Keeping developers in the zone

May 25th, 2007 by Eric Nehrlich

Imagine that you're at the ballpark taking batting practice.  The pitching machine is lobbing balls through the strike zone.  You're taking nice and easy swings, driving balls to all fields.

Suddenly, a baseball hits you in the back of the head.

You whirl around to yell at the thrower, and get pegged again by another ball from somebody else.  Soon balls are flying in from all directions, and you're pummelled by the onslaught.

Welcome to the life of a software developer.  When life is going well, they are in the zone, marching through their bugs and features and writing good software.

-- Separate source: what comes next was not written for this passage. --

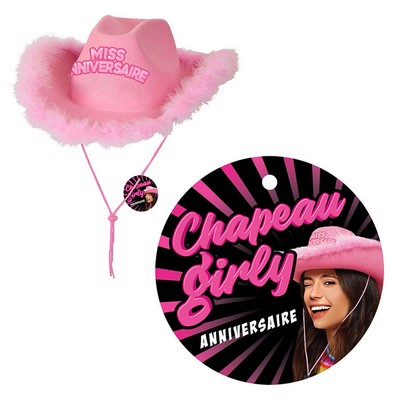 21328 - Chapeau Girly Rose Joyeux Anniversaire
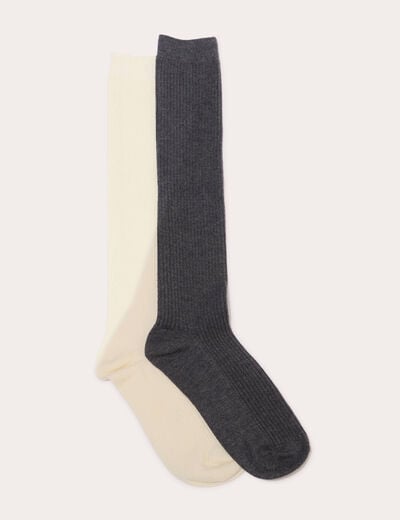 Lot de 2 paires de chaussettes gris fonc&eacute; femme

But then a manager interrupts them to do "just this one thing", knocking them out of the zone.  While they're dealing with that, another coworker needs emergency help finishing up a task.  More last-minute items get dumped on the poor developer.  Eventually they're just trying to survive the week, the zone a distant memory.

It's happened to all of us.  And it ain't no fun.  So how does FogBugz help with that?

FogBugz is like the pitching machine – it feeds tasks to developers in an orderly fashion.  The developer settles down in front of their computer, reads their email, checks Reddit, opens FogBugz and says "Show me the open cases that are part of the next release that are assigned to me, sorted by priority".  Boom.  There's the list, in order, of what the developer needs to work on.

When new tasks arise, they are not thrown straight at the developer, jolting them out of the zone.  Instead, they are fed into FogBugz, where the project manager takes care of prioritizing the task, placing it in the proper release, and assigning it to the appropriate developer.  The task shows up on the list in FogBugz, but the developer hasn't been disturbed from the zone.

By using FogBugz to manage the tasks confronting a software development team, you get more productive developers.  FogBugz lets them hit balls out of the park.

P.S. Thanks to Brett, one of our developers, for the baseball analogy.